**Extracted material:**
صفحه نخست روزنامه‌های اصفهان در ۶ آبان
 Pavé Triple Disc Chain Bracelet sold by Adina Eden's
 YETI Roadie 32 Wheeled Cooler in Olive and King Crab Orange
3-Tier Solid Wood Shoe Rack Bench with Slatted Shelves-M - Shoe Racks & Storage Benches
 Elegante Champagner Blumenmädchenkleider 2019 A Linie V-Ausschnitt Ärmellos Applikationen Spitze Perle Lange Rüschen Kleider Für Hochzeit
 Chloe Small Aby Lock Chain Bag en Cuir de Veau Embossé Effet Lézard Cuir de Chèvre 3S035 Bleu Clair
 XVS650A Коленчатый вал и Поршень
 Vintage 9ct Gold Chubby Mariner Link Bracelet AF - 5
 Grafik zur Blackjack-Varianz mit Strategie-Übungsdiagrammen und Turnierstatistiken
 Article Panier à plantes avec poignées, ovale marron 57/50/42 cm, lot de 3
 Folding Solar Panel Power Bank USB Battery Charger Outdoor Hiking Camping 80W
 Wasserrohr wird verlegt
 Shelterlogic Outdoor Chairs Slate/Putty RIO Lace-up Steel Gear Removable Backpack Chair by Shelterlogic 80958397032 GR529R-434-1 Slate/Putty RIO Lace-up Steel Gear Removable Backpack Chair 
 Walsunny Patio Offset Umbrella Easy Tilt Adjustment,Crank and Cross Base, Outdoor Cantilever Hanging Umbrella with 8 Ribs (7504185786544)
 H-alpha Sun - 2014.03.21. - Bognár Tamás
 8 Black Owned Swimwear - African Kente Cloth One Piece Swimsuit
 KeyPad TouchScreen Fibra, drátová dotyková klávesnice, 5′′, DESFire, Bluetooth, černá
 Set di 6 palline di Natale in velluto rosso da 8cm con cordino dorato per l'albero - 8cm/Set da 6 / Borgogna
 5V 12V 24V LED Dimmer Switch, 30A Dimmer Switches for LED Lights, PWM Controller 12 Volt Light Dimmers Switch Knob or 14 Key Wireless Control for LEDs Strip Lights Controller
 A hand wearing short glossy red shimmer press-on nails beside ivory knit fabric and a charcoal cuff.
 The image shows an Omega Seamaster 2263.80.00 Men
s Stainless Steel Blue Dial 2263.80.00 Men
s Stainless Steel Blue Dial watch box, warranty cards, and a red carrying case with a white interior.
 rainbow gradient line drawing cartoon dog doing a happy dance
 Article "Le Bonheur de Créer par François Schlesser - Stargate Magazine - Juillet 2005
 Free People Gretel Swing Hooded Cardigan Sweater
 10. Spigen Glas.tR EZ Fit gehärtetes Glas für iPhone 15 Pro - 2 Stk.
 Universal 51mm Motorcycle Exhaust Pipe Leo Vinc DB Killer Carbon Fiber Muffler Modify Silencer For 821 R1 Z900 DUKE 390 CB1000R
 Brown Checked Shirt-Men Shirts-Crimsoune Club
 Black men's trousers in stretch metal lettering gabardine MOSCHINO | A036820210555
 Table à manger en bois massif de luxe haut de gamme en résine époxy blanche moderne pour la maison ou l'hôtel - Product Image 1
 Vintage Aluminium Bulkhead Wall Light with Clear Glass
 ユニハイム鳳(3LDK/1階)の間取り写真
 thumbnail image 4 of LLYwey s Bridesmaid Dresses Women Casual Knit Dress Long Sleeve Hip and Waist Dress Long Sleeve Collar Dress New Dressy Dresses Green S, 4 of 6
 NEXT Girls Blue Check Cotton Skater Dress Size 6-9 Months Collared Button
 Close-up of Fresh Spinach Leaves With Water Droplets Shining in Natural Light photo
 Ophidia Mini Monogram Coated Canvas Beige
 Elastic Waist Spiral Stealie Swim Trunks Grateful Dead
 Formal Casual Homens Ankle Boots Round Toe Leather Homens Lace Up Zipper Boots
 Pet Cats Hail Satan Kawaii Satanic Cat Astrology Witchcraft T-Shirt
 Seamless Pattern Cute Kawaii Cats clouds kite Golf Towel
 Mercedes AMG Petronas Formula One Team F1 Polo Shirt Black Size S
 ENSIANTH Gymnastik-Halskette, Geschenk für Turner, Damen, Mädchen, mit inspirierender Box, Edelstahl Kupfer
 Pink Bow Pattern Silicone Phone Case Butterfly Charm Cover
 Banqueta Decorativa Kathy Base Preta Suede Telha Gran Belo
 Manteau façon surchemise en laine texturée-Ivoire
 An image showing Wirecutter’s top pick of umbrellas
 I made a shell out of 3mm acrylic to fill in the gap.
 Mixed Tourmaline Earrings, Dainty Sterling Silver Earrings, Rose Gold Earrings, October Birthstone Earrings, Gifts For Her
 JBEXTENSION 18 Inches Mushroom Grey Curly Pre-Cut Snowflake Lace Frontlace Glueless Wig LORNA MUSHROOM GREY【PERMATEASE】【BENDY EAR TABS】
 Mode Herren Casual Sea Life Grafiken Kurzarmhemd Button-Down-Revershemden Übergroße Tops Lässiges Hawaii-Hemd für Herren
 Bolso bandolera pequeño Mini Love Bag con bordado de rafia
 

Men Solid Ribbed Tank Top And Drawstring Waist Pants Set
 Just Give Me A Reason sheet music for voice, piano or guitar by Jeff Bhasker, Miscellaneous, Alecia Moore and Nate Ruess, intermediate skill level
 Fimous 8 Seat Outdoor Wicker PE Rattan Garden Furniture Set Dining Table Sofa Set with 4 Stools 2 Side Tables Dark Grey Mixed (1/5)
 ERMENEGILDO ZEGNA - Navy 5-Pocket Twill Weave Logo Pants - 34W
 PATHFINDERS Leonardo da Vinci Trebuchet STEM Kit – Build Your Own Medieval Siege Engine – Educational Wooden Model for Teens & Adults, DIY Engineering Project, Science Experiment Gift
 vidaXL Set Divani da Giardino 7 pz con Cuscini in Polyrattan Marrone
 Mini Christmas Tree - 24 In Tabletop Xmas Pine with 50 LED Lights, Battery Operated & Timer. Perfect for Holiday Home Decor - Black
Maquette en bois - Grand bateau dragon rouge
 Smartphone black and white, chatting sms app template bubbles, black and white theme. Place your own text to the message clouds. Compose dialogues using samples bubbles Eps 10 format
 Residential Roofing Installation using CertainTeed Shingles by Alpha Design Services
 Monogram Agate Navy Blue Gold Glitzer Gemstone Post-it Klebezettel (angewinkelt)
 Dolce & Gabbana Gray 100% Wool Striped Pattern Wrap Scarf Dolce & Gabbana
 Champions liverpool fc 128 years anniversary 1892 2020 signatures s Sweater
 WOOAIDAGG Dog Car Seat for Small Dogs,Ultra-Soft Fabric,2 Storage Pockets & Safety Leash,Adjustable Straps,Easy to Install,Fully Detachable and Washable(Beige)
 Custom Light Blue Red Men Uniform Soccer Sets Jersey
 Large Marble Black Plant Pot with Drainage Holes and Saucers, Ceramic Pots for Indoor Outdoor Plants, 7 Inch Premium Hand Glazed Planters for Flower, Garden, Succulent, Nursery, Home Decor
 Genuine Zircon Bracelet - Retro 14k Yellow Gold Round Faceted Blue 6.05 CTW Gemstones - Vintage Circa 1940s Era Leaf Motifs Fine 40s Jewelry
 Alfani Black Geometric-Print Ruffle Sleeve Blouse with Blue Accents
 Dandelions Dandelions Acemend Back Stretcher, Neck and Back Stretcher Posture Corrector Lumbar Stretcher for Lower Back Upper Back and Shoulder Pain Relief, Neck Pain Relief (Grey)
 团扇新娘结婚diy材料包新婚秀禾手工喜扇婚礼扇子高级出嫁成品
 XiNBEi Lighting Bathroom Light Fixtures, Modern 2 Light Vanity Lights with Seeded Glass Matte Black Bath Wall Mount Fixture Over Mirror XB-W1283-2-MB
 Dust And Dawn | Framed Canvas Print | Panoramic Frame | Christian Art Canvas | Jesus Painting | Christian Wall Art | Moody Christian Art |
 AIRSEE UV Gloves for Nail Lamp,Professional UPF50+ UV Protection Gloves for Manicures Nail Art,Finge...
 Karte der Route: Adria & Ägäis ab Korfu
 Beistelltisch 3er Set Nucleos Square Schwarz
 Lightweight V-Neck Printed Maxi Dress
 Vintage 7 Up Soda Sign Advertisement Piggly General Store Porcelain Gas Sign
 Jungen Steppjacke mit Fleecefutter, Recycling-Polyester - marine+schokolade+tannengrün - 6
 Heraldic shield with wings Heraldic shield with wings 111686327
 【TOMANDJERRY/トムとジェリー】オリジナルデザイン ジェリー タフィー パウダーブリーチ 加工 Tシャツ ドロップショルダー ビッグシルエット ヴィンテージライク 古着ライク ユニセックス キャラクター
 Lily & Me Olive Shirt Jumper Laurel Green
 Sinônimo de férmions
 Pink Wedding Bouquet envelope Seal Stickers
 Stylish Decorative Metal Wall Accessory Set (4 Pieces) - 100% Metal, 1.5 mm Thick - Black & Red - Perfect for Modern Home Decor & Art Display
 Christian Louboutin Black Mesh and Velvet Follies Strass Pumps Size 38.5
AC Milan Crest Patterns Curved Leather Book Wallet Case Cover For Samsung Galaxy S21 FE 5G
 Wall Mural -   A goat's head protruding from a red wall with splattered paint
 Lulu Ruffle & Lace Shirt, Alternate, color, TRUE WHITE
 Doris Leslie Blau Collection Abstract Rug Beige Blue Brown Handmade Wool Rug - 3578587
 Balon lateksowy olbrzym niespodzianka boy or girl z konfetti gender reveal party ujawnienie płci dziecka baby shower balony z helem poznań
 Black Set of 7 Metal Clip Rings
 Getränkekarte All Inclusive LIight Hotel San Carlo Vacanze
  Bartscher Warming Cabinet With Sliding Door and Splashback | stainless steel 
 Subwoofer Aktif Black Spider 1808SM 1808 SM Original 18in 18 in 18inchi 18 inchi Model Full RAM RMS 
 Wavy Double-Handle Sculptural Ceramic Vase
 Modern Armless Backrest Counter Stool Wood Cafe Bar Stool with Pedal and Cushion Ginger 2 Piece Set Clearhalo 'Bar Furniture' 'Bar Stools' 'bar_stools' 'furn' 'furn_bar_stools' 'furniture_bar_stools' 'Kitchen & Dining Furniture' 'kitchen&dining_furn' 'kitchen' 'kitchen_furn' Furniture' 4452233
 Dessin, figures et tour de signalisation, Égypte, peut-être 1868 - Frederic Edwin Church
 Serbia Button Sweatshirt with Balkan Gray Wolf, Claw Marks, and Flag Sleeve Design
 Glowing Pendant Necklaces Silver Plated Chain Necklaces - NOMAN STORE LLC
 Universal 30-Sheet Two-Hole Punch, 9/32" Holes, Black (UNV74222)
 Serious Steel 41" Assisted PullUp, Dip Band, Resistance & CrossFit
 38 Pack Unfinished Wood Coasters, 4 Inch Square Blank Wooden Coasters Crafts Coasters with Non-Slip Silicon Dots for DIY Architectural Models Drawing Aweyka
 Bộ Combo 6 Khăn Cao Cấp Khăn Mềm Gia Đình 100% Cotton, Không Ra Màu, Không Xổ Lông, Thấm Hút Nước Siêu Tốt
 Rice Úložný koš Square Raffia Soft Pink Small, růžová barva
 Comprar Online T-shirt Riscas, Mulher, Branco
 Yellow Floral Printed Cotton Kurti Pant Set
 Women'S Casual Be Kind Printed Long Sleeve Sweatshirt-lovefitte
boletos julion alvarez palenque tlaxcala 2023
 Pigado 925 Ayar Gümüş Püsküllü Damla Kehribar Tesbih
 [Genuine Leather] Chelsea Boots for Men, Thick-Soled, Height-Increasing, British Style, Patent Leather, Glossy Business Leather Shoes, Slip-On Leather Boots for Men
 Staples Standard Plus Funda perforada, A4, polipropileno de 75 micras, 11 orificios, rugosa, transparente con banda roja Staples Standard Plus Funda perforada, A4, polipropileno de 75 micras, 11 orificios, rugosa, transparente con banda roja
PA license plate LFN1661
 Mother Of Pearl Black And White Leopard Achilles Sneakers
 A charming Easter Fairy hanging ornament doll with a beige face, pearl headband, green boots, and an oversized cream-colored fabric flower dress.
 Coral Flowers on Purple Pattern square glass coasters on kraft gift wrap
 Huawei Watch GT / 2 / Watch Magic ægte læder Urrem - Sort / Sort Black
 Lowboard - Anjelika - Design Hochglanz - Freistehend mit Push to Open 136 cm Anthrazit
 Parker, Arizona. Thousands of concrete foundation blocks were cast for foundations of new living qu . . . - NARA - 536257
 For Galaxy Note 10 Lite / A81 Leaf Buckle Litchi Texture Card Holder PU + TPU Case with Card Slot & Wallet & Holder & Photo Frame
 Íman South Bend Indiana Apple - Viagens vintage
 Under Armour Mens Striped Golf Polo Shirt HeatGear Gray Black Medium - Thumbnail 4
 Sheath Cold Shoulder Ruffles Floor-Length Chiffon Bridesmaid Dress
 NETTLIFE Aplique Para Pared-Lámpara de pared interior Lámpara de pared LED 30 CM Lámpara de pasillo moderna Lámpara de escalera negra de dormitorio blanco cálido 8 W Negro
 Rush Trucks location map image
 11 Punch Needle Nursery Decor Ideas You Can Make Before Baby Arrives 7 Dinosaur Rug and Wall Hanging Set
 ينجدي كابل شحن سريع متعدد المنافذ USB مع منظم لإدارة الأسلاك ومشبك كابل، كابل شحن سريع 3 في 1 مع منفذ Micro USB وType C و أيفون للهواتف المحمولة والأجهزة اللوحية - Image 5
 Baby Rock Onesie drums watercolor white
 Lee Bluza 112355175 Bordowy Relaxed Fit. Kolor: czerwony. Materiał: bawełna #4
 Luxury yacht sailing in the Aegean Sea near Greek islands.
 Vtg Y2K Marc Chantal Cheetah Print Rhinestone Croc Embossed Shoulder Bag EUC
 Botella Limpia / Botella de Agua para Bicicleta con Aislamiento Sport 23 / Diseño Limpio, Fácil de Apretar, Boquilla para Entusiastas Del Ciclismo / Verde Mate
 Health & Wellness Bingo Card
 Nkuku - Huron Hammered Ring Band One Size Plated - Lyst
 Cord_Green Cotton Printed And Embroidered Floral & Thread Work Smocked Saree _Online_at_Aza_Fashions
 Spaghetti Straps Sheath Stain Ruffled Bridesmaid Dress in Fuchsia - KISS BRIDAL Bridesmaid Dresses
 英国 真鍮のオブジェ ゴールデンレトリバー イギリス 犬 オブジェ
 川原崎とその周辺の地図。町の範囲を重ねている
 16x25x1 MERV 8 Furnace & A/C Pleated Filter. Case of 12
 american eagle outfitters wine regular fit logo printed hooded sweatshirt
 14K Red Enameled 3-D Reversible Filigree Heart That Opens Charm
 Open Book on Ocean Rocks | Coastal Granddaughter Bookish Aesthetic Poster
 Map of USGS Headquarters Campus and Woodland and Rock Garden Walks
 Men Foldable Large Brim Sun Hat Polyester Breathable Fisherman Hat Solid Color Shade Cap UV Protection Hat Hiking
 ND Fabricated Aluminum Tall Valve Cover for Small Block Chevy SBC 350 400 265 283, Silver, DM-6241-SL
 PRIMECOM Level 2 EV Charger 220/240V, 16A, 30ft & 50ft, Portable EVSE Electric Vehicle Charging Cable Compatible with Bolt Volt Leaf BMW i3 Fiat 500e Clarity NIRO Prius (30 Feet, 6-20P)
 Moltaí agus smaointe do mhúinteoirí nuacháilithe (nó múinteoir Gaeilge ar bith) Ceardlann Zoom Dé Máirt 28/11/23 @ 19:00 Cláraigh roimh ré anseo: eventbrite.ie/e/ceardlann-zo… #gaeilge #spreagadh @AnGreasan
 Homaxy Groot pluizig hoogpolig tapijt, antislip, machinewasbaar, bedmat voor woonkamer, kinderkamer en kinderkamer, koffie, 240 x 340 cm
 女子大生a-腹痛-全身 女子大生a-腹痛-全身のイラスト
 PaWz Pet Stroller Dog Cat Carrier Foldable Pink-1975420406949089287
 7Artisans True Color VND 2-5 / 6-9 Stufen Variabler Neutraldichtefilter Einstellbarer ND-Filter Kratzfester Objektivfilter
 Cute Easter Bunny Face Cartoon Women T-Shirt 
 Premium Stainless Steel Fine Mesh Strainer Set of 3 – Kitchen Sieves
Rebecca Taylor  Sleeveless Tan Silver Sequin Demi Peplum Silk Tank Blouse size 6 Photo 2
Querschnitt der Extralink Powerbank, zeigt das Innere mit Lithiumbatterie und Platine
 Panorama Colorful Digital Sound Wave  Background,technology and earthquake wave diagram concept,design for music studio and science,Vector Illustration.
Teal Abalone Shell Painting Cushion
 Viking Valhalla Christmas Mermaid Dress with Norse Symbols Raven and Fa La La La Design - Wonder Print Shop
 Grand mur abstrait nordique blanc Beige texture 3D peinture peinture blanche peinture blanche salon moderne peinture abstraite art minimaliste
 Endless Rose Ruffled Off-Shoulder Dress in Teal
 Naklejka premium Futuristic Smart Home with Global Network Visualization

**Task:** Could you write out, exactly as they stand, only the lines above that begin at the line with "thumbnail image 4" and stop after the line with "Ophidia Mini Monogram Coated Canvas Beige"?

**Written answer:**
 thumbnail image 4 of LLYwey s Bridesmaid Dresses Women Casual Knit Dress Long Sleeve Hip and Waist Dress Long Sleeve Collar Dress New Dressy Dresses Green S, 4 of 6
 NEXT Girls Blue Check Cotton Skater Dress Size 6-9 Months Collared Button
 Close-up of Fresh Spinach Leaves With Water Droplets Shining in Natural Light photo
 Ophidia Mini Monogram Coated Canvas Beige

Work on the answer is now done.